### PROVIDED ENTRIES
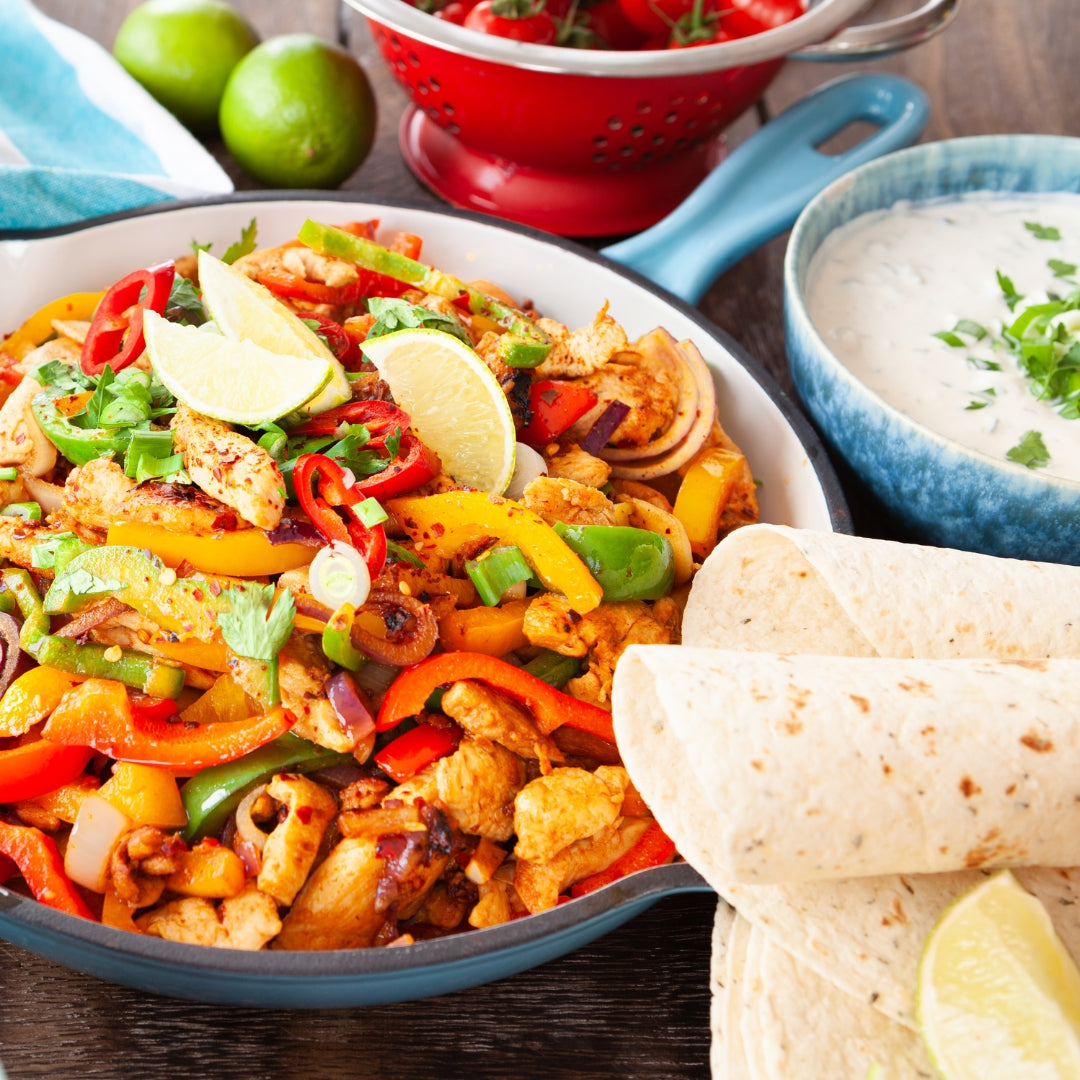 fajitas au poulet dans une casserole avec tortillas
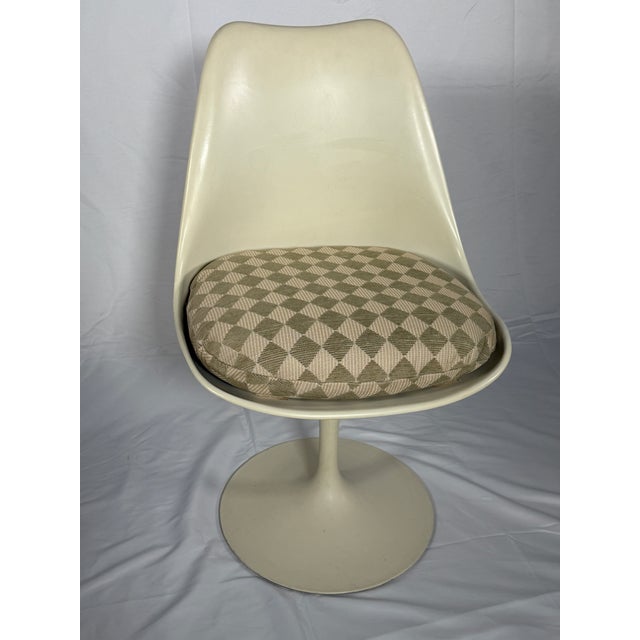 Mid-Century Modern Tulip Chair by Eero Saarinen for Knoll, 1960's, Mid-Century For Sale - Image 3 of 12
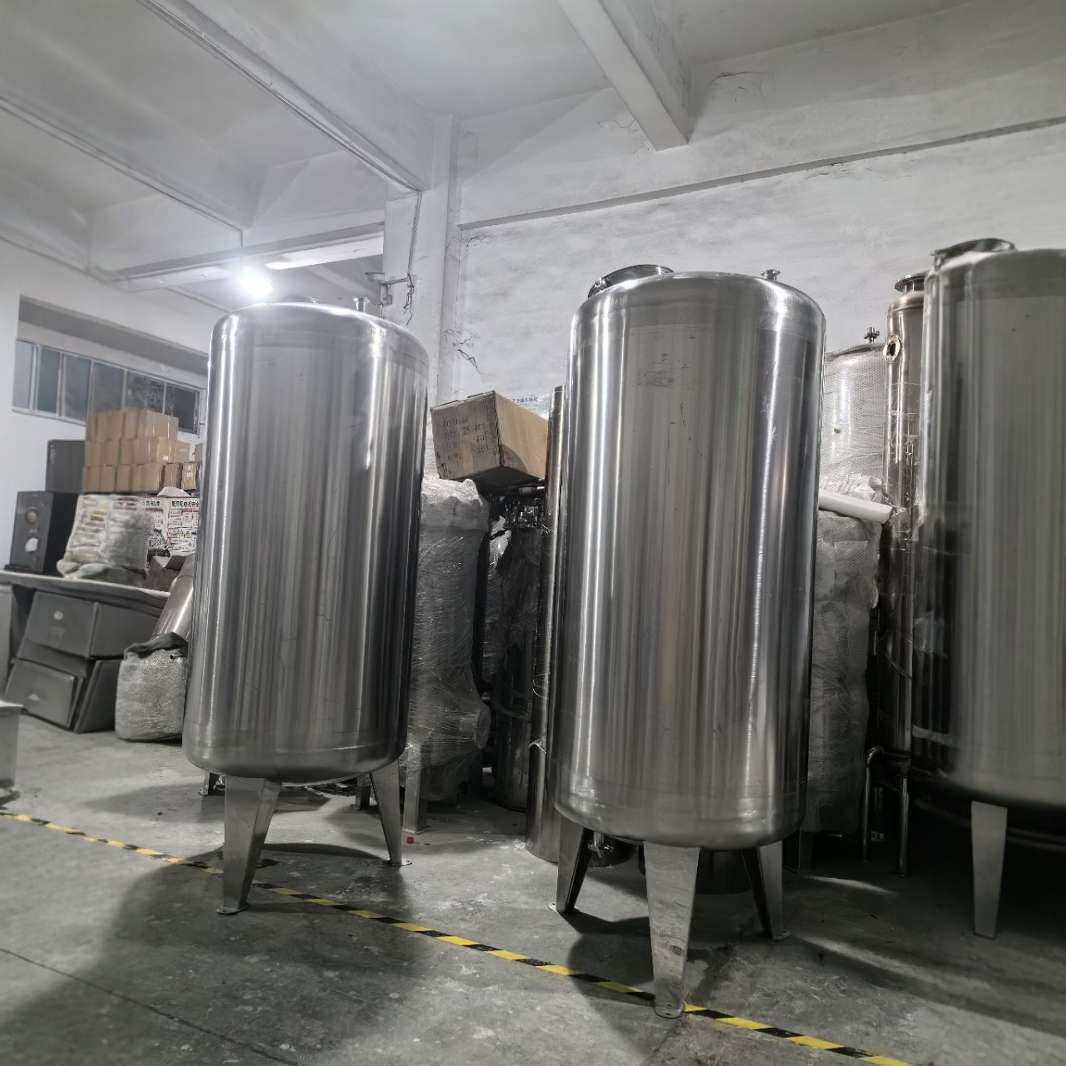 不锈钢纯净水箱果汁储罐厂家不锈钢304纯净水箱大量供应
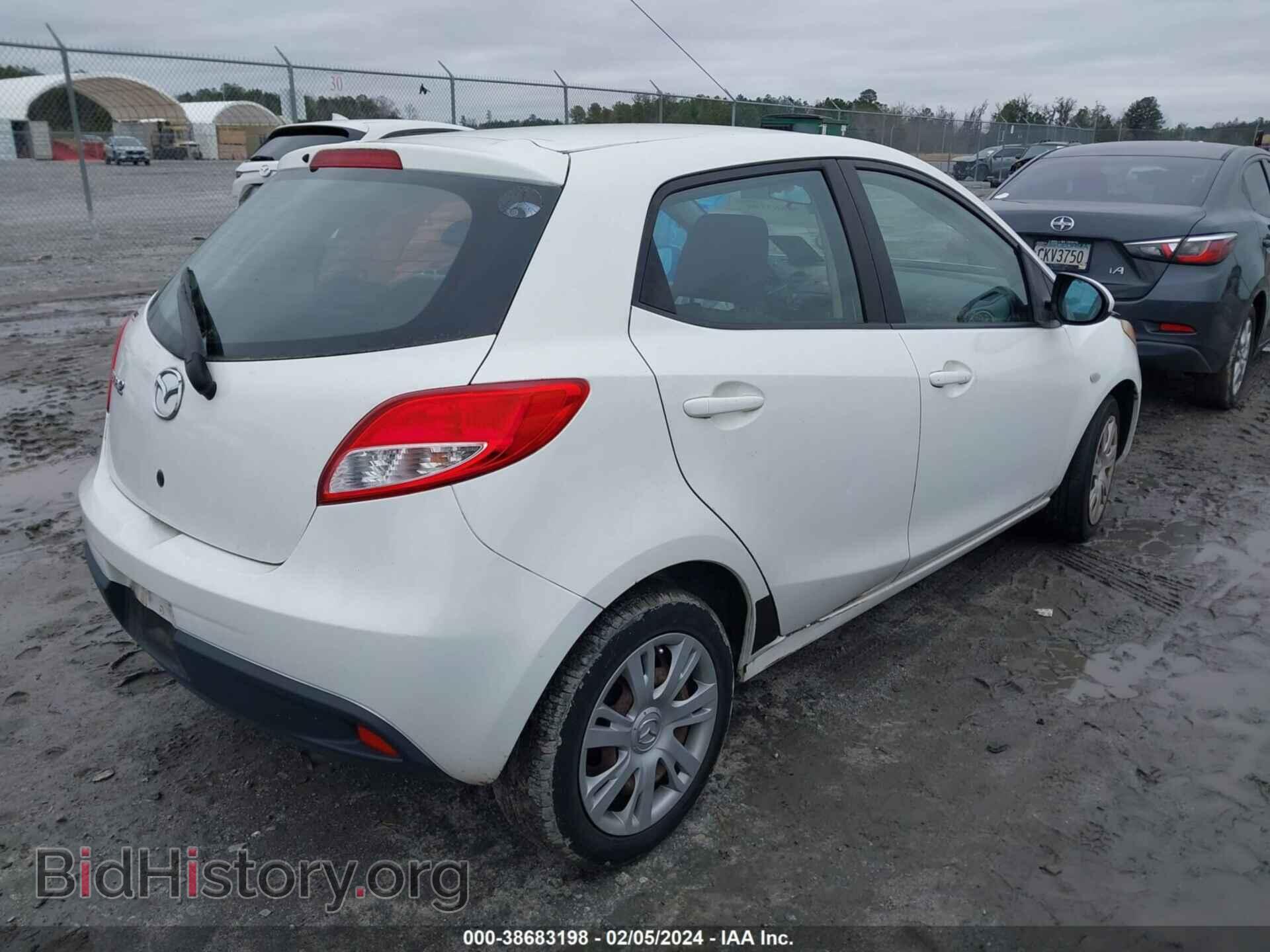 2014 MAZDA MAZDA2 - VIN: JM1DE1KY0E0187033 - Фото 4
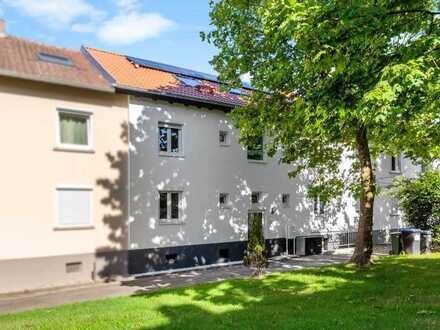 Energieeffiziente Kernsanierung - schöne Dachgeschosswohnung in der City!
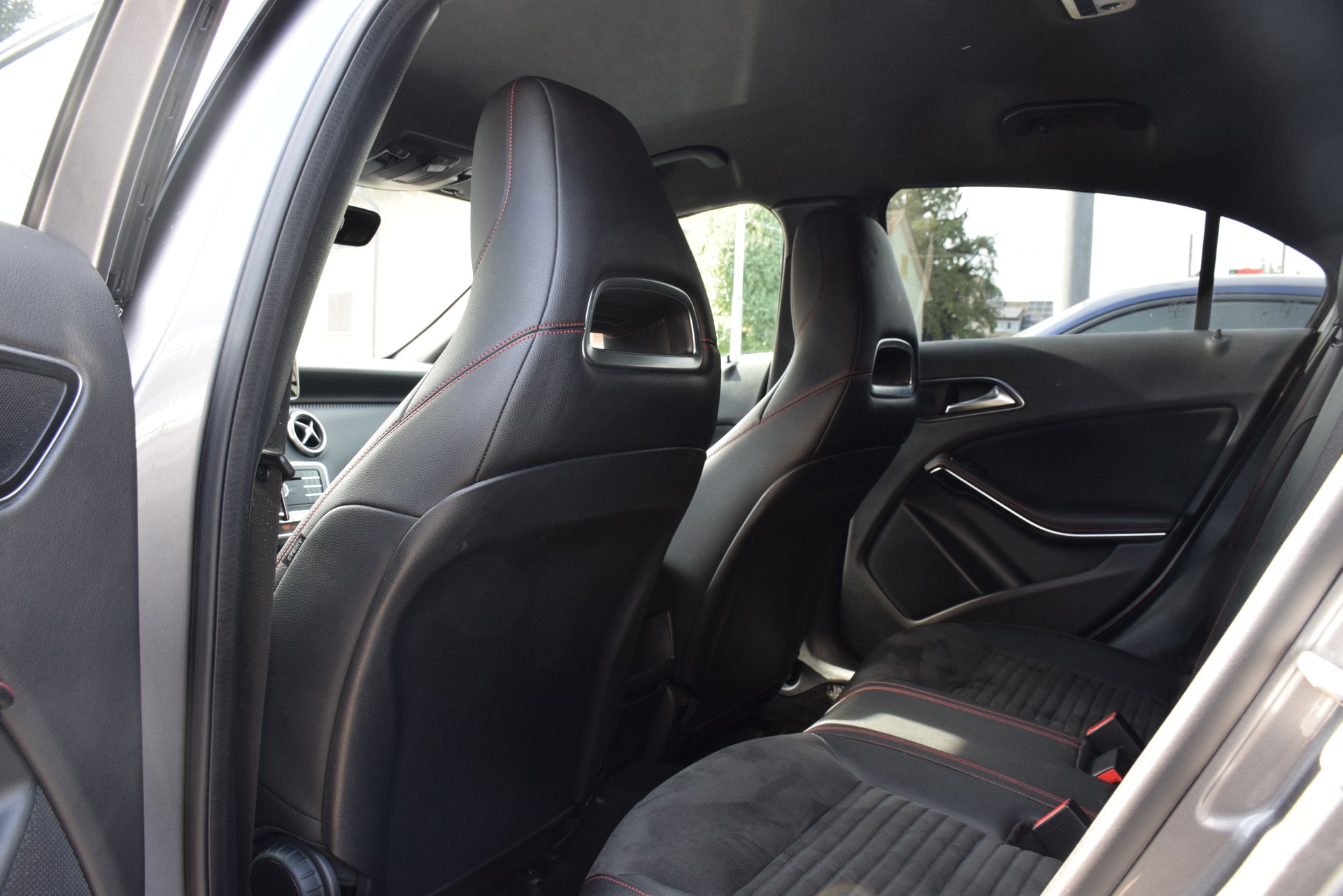 MERCEDES-BENZ A 200 CDI AMG Line 7G-DCT-image-15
######
EXERCISE DESCRIPTION
Each record above must be returned exactly as written, with its pictures omitted.

RESPONSE AREA
 fajitas au poulet dans une casserole avec tortillas
 Mid-Century Modern Tulip Chair by Eero Saarinen for Knoll, 1960's, Mid-Century For Sale - Image 3 of 12
 不锈钢纯净水箱果汁储罐厂家不锈钢304纯净水箱大量供应
 2014 MAZDA MAZDA2 - VIN: JM1DE1KY0E0187033 - Фото 4
 Energieeffiziente Kernsanierung - schöne Dachgeschosswohnung in der City!
 MERCEDES-BENZ A 200 CDI AMG Line 7G-DCT-image-15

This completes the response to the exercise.